-------- Extracted entries --------

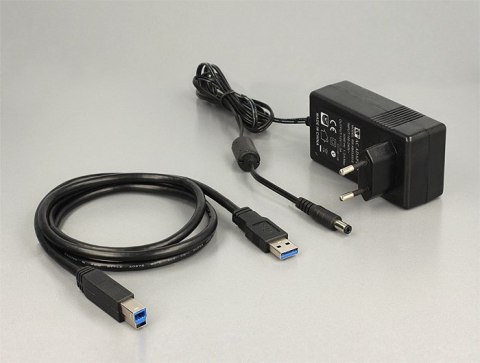 DeLOCK 62661 stacja dokująca do dysków twardych USB 3.2 Gen 1 (3.1 Gen 1) Type-B Czarny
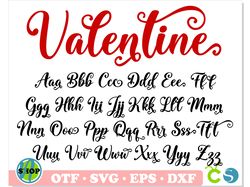 valentine font svg with tails | love font svg, valentine font ott, font with tails, wedding font, cursive font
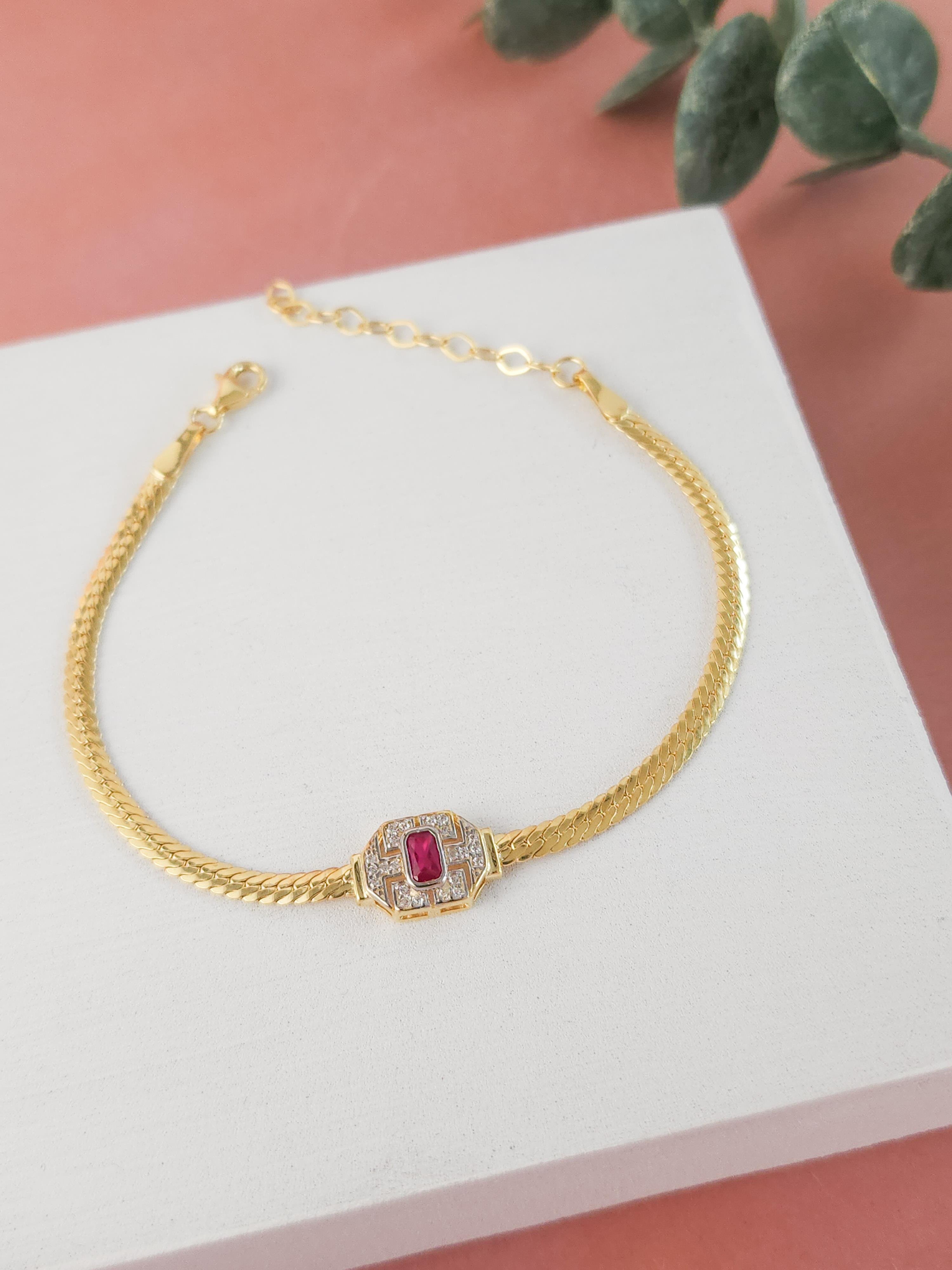 Baguette 7 Yassı Bileklik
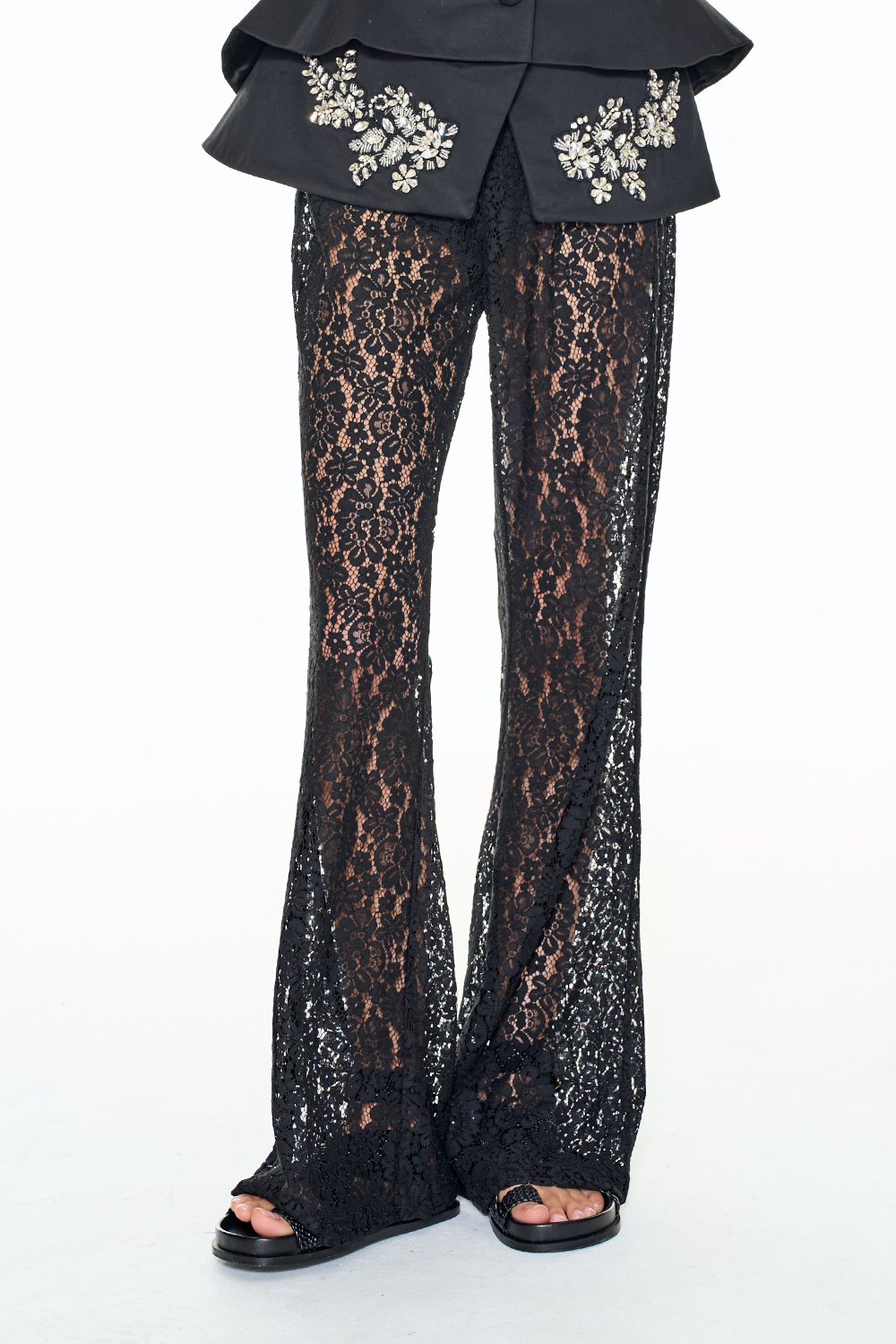 SIENNA LACE PANT - Black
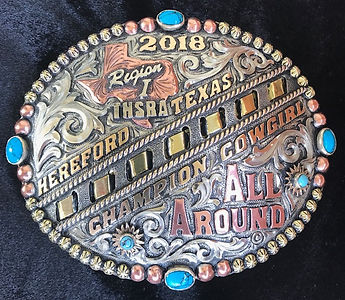 trophy buckle, buck stitched, quality rodeo awards, turquoise stones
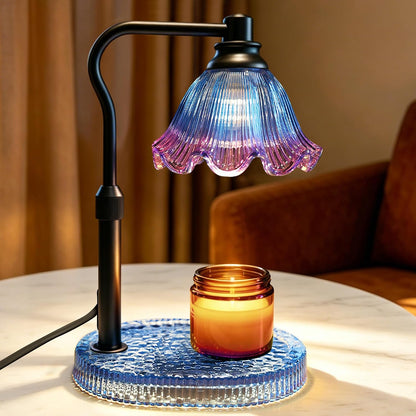Candle Warmer Lamp with Timer and Dimmer, Adjustable Height Design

--------

**Problem details**
Exact copy, no pictures: write out all the records above.

**Response box**
 DeLOCK 62661 stacja dokująca do dysków twardych USB 3.2 Gen 1 (3.1 Gen 1) Type-B Czarny
 valentine font svg with tails | love font svg, valentine font ott, font with tails, wedding font, cursive font
 Baguette 7 Yassı Bileklik
 SIENNA LACE PANT - Black
 trophy buckle, buck stitched, quality rodeo awards, turquoise stones
Candle Warmer Lamp with Timer and Dimmer, Adjustable Height Design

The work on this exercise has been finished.